Nous nous trouvons entre la Passion et la Pentecôte. Il s’est passé beaucoup de choses : Jésus est mort, il est réapparu à ses disciples ressuscité, il est monté au ciel, et maintenant les apôtres sont en attente du Saint-Esprit, qui n’a pas encore été donné. Tous ces événements n’ont pas eu lieu simultanément, on se trouve dans un entre-deux : un temps quelque peu indécis entre l’Ancienne et la Nouvelle Alliance, un temps captivant, à la fois déstabilisant et passionnant, comme tous les temps de préparation qui ouvrent sur quelque chose de nouveau.
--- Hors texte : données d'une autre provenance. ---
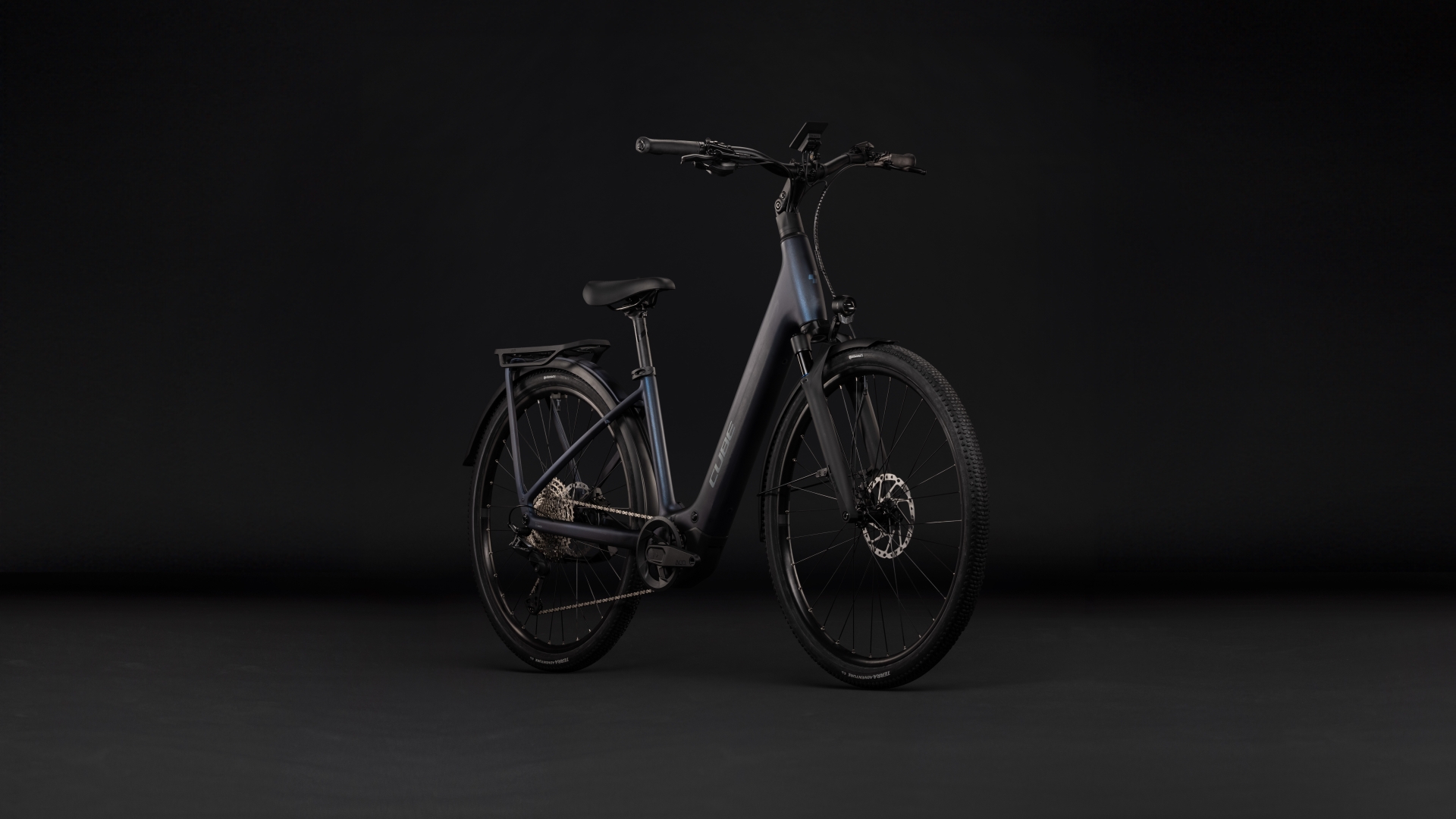 CUBE Kathmandu Hybrid C:62 Pro 400X — vélo de trekking, Urban Cycle Nantes — vue 2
C’est une période de flottement : l’Eglise n’est pas encore en place, mais son avènement est imminent.

Et au cœur de cette période mouvante dans laquelle tous les repères changent, Luc fait un rappel. Il rappelle à ses lecteurs un événement funeste : la trahison de Judas et son suicide. Luc n’en a pas parlé dans son Evangile, il a attendu la seconde partie de son ouvrage pour le faire, la seconde partie de son ouvrage qui est le livre des Actes – comme on sait, au départ l’Evangile de le livre des Actes ne formaient qu’un seul et même ouvrage. Et maintenant qu’il entreprend de nous parler de ces choses, Luc ne épargne aucun détail pénible. Pour souligner toute l’horreur de ce mal, il nous montre un Judas ouvert par le milieu, avec toutes les entrailles sorties. C’est une manière de nous faire entrevoir l’entendue de ce mal, un mal qui touche avant tout le cœur de l’Eglise à venir : les apôtres ne sont plus douze, mais onze. Le mal était au sein même des apôtres. Par le biais de Judas, le mal a attaqué le cœur même de ce qui devait devenir l’Eglise. Un équilibre a été rompu. Maintenant, on n’est plus dans la plénitude divine signifiée par ce nombre douze, on est dans autre chose, dans quelque chose d’un peu bancal, dans quelque chose d’incomplet, d’avorté, d’imparfait.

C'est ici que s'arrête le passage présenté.